Where Cadden goes with this is to classify YA novels into three different narrative strategies, based on the extent to which the YA reader is made aware of the inherent irony: is the reader taught that the viewpoint of the novel of "incomplete and insufficient"? It's a useful classification system; where Cadden ends the article is to promote a model for "ethical fiction": Cadden argues that YA novels ought to make clear the limited viewpoints of their narratives, and that authors ought to "help[ ] young readers detect and cope with irony, complexity, and contingency so rich in the world they hope so desperately to know" (153). This fascinates me because one of Hinton's purposes in The Outsiders was expressly anti-didactic, she was tired of novels for teens that delivered pat morals on how to liver properly. But Cadden sees an educational purpose for YA lit, and of the books I taught in my young adult literature course, surely none was more educational than Forever..., which is basically a 200-page brochure on sex for teens. It covers both the logistics and the emotions of it: Katherine visits Planned Parenthood for birth control in a scene that seems like it comes straight out of a brochure, but she also learns about how your first time might not be amazing as you dreamed, and how you might think your first love will last "forever..." but it definitely will not.
I would probably peg Forever... as what Cadden calls "Single-voicedness and Character Narration": "Each text provides a single voice that is so highly confident that it is ultimately unassailable within the text. These books and speakers provide only one argument or position on a matter, and most important, they fail to provide within the text the tools necessary to reveal the contestability of these immature perspective to the equally immature reader" (148). Indeed, Katherine is confident throughout Forever... in her love for her boyfriend Michael, and her belief that is meant to be and will always be. For the adult reader, at least, her wrongness is clear, and Cadden does allow that hyperbole is a tool for revealing what he calls "debilitating world views" (153): "Hyperbole [...] is harder to detect than either the contradiction provided by multiple perspectives or the doubt suggested by a more self-conscious narrator" (149).
But I think that despite the unassailability of Katherine's voice (her parents disagree with her, of course, but the narrative itself doesn't provide the kind of tools that would cause Cadden to classify a book as "Double-voicedness and Character Narration"), Forever... provides a different way of leading to questioning world views: plot and story.

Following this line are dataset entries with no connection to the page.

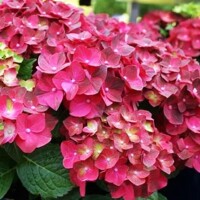 Hortenzia kalinolistá - Hydrangea macrophylla ´Saxon® Bright Red´ - 30/80cm
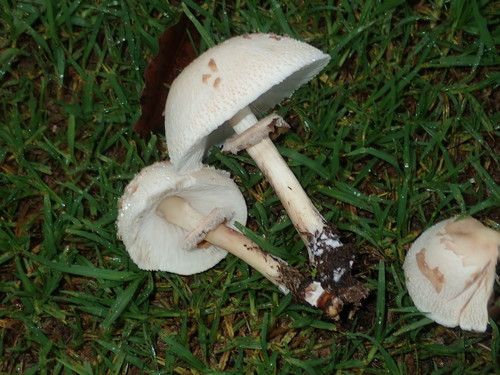 Green-spored parasol (Chlorophyllum molybdites)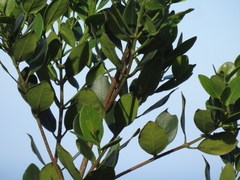 Olea capensis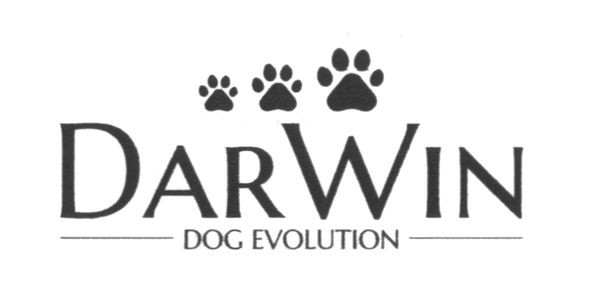dog evolution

Katherine might think she is completely right, but the actual events of the book show that she is wrong, even if the narrative doesn't acknowledge this in a double-voiced way.
The thing is, though, that Forever... is terrible. Katherine's narrative voice lacks any of the spark of Ponyboy's in The Outsiders, or of later first-person narrators like Titus in Feed or Briony in Chime. She is plainly and obviously a way for Blume to disseminate information to the reader about teenage sex, and this makes the book unable to engage an adult reader in the way that most YA fiction can. My students weren't fans, but I didn't expect them to be: I taught this book because its purpose is so unlike that of The Outsiders, despite The Outsiders creating the very genre in which Forever... operates.
What really fascinated me about the book was how much my students reacted against it. I mean, I didn't like it very much, but they took particular exception to Michael, who they saw as violating Katherine's consent. Not that he rapes her or anything, but the pressure he applies to Katherine (at one point he accuses her of being a tease) is uncomfortable, moreso to a group of millennials in 2017 raised on discourses around consent and rape culture that I just don't think were there in 1975. Blume appended a preface to the novel at some point (I'm not sure when exactly, but it's in my 2014 edition and contains a web address, so that provides something of a range) indicating that the book doesn't say as much about STIs as it ought, but I think the pressure that Michael puts on Katherine, and Katherine seems to accept as normal, has dated far worse. Not to accuse my students of inconsistency (because the different viewpoints may have actually been held by different people), but after lambasting the book for how didactic it was, and also agreeing that one of the good things about The Outsiders was its lack of moralizing, they also thought it hadn't taught something it ought to have taught, they there was a "debilitating world view" that had gone unaddressed. I'm not sure what to make of this inconsistency in our expectations for young adult literature, one that would recur throughout the semester.